Szokujące informacje podał dziś na swoim twitterze prof. Sławomir Cenckiewicz. Historyk, szef Wojskowego Biura Historycznego po tekście na temat przeszłości Ewy Gawor, która jest bliskim współpracownikiem Hanny Gronkiewicz-Waltz, zaczął otrzymywać pogróżki. „Jest też scenariusz mojego pogrzebu” - napisał.

Tekst Cenckiewicza ukazał się na łamach „Gazety Polskiej”. W „Gazecie Polskiej Codziennie” zapowiadany był w ten sposób:

"Ewa Gawor, która rozwiązała Marsz Powstania Warszawskiego organizowany przez środowiska narodowe, ukrywała fakt, że była funkcjonariuszem Ministerstwa Spraw Wewnętrznych Czesława Kiszczaka. Porażające fakty z przeszłości urzędniczki warszawskiego ratusza ujawnia w najbliższym numerze tygodnika "Gazeta Polska" historyk Sławomir Cenckiewicz".

Gawor groziła Cenckiewiczowi pozwem, ale na tym się nie skończyło. Jak napisał dziś na swoim twitterze Rafał Dudkiewicz:

Dzisiaj otrzymałem informację, żebym przekazał .@Cenckiewicz żeby uważał na siebie, ze względu na ujawnienie sprawy Pani Ewy Gawor. Zdumiewające”.

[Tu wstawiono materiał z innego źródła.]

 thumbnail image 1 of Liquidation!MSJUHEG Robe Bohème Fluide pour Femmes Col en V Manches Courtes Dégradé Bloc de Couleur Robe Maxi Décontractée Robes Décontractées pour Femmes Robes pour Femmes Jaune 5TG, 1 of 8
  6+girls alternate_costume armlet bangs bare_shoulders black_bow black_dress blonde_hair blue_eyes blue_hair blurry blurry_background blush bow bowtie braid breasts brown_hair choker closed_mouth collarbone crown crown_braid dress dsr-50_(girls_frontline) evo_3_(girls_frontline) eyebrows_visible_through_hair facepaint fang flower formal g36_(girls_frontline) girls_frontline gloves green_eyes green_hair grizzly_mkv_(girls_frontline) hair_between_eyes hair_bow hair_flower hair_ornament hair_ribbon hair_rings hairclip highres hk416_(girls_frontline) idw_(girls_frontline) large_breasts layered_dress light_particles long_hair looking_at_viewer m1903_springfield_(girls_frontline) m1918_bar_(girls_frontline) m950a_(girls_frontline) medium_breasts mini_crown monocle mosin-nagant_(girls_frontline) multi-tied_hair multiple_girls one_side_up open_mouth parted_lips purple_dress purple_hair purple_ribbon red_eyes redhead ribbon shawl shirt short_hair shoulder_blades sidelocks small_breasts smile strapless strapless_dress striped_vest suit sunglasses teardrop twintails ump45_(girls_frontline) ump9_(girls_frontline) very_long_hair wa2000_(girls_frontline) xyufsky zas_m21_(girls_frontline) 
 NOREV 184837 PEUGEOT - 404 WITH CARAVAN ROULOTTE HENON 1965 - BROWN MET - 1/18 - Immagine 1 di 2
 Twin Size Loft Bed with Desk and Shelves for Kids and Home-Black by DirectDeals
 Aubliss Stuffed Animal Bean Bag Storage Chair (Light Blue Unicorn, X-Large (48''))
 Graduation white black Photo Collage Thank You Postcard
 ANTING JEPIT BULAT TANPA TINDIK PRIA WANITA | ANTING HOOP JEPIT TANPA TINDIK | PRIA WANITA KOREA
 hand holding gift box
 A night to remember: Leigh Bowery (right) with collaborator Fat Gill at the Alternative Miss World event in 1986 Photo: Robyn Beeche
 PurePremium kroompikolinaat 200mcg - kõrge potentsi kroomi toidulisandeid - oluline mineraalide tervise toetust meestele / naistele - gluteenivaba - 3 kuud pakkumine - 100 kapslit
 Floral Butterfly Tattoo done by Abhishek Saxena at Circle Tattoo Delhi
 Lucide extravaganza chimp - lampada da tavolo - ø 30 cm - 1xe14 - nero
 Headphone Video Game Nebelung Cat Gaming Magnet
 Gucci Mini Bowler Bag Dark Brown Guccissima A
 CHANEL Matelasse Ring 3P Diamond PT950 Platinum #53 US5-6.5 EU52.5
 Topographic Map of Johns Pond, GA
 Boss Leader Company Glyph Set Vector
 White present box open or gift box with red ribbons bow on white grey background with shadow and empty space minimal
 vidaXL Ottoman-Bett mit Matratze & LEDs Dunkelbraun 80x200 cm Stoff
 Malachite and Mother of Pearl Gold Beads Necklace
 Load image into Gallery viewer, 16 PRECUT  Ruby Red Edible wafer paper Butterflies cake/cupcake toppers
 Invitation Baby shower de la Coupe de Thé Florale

Prof. Cenckiewicz w odpowiedzi na ten wpis stwierdził:

Potwierdzam: mam w ostatnich 2 tyg. nasilenie pogróżek, również takich w których pada mój adres zamieszkania, jest też scenariusz mojego pogrzebu. Normalny człowiek musi się wystraszyć więc się obawiam, ale z drogi nie zejdę - będą kolejne teksty o Gawor i jej współpracownikach”.